Agravo de Instrumento n. 2015.079213-0, da Capital

Relator: Des. Fernando Carioni

AGRAVO DE INSTRUMENTO. EMBARGOS DE TERCEIRO. CONDOMÍNIO. INADIMPLEMENTO DE TAXAS CONDOMINIAIS. AJUIZAMENTO DE AÇÃO DE COBRANÇA EM FASE DE EXECUÇÃO. FALTA DE PAGAMENTO DOS ENCARGOS VINCENDOS HÁ MAIS DE 7 (SETE) ANOS. SUSPENSÃO DOS SERVIÇOS. FORNECIMENTO DE ÁGUA E ENERGIA ELÉTRICA. IMÓVEL SITUADO EM COMPLEXO TURÍSTICO DE LUXO. UTILIZAÇÃO PARA LOCAÇÃO. PRETENSÃO AO RESTABELECIMENTO DOS SERVIÇOS. PEDIDO INDEFERIDO. DECISÃO MANTIDA. RECURSO DESPROVIDO.

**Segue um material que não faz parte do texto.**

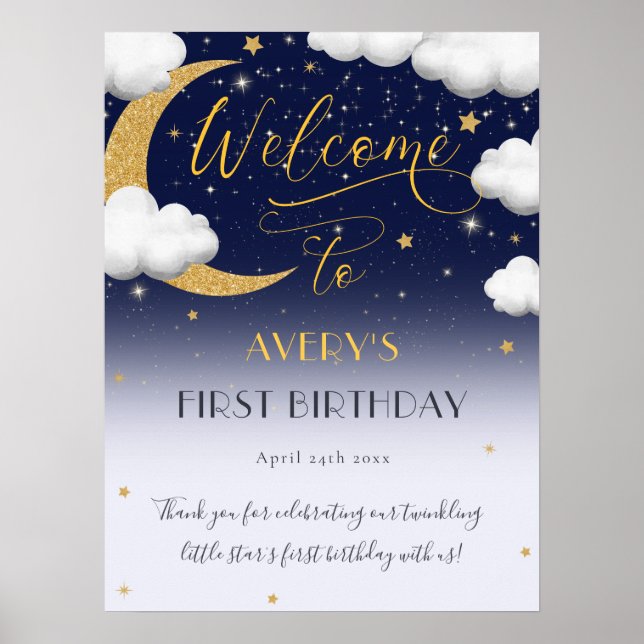 Poster Primeiro aniversario das Estrelas Bonitas Twinkle (Frente)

"Uma vez configurada a mora do Autor em relação às despesas de condomínio, cuja inadimplência é, no caso, incontroversa, não há falar em abuso de direito em razão da interrupção voluntária, pelo Síndico, dos serviços de água e de telefone titularizados pelo condomínio e rateados entre os condôminos, sobretudo quando a aplicação da penalidade encontra respaldo do Regimento Interno. No caso, o abuso de direito é do próprio Autor, que dispõe de unidades condominiais com a finalidade de obter lucros mediante locação por temporada, valendo-se da estrutura mantida pelos demais condôminos sem, ao menos, contribuir com a sua cota-parte" (TJSC, Apelação Cível n. 2007.053327-0, da Capital, rel. Des. Victor Ferreira, j. em 3-3-2011).

Vistos, relatados e discutidos estes autos de Agravo de Instrumento n. 2015.079213-0, da comarca da Capital (2ª Vara Cível), em que é agravante Vanilda Flor de Jesus, e agravado Condomínio do Complexo Turístico Costão do Santinho:

A Terceira Câmara de Direito Civil decidiu, por votação unânime, negar provimento ao recurso. Custas legais.

Participaram do julgamento, realizado no dia 1º de março de 2016, os Exmos. Srs. Des. Marcus Tulio Sartorato e Maria do Rocio Luz Santa Ritta.

Florianópolis, 9 de março de 2016.

Fernando Carioni

PRESIDENTE E RELATOR


RELATÓRIO

Trata-se de agravo de instrumento interposto por Vanilda Flor de Jesus contra decisão proferida pela MMa. Juíza de Direito da 2ª Vara Cível da comarca da Capital, Dra. Andresa Bernardo, que, nos autos de Embargos de Terceiro n. 0304352-88.2015.8.24.0023, opostos contra Condomínio do Complexo Turístico Costão do Santinho, indeferiu o pedido para que fosse determinado o restabelecimento imediato do fornecimento de energia elétrica e de água do apartamento objeto da ação (fls. 13-15).

Sustenta que o corte de água e de energia, serviços esses essenciais a qualquer cidadão, constitui clara ofensa à dignidade da pessoa humana e afronta a disposição constitucional.

Destaca que o fornecimento de tais serviços está englobado na taxa condominial, e que tal taxa em atraso é objeto de cobrança judicial, respondendo o próprio imóvel pelos valores excutidos, de modo ser ilegítimo o corte de seu fornecimento por parte do condomínio agravado.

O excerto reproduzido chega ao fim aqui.